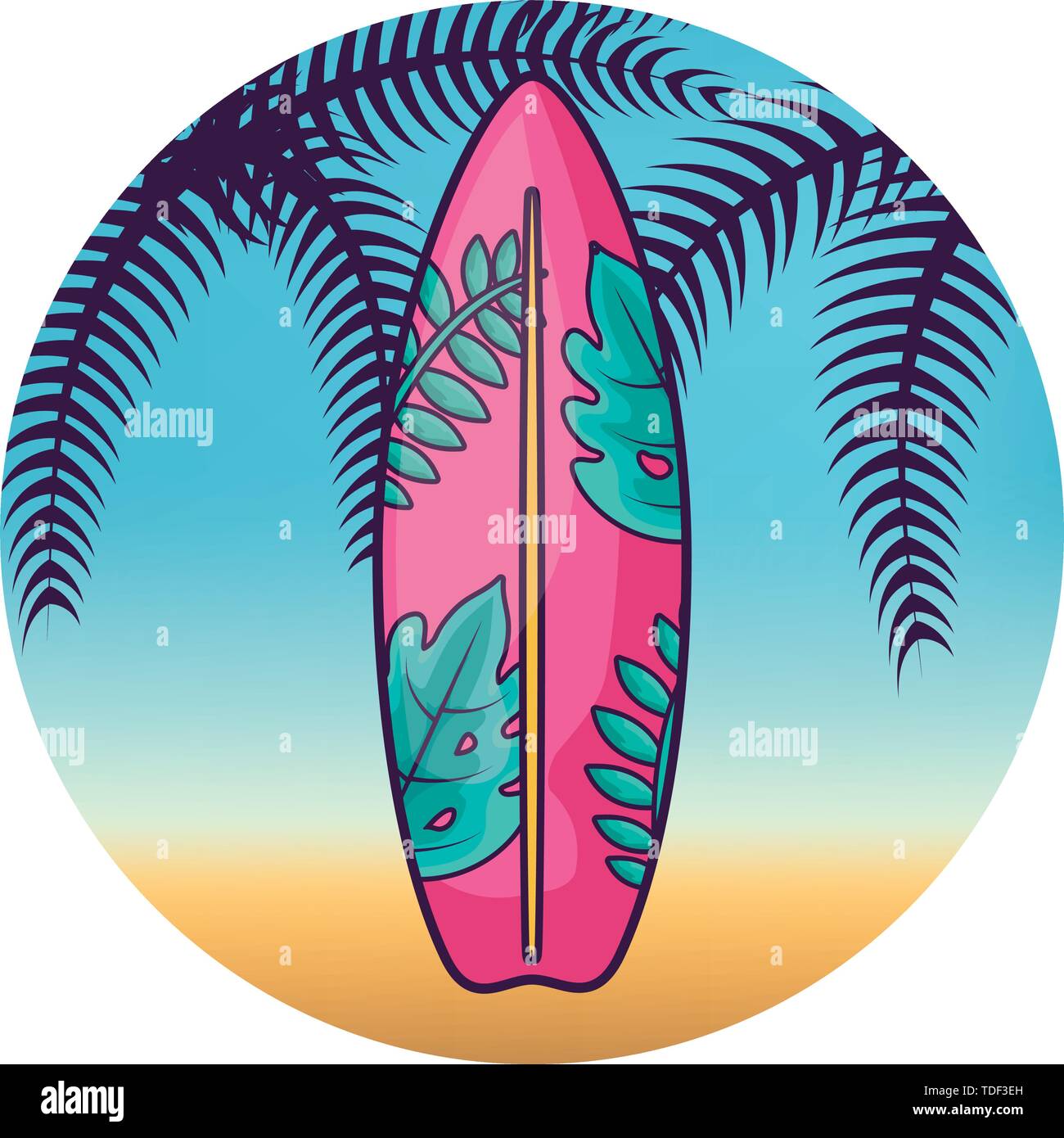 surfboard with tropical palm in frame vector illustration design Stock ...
--
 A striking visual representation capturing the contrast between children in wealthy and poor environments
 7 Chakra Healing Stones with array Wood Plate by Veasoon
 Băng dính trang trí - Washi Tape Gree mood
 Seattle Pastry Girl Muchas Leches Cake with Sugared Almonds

TO DO:
Your answer should consist of the lines from the line with "7 Chakra Healing" to the line with "Seattle Pastry Girl" above, repeated exactly, both ends included.

EXPECTED ANSWER:
 7 Chakra Healing Stones with array Wood Plate by Veasoon
 Băng dính trang trí - Washi Tape Gree mood
 Seattle Pastry Girl Muchas Leches Cake with Sugared Almonds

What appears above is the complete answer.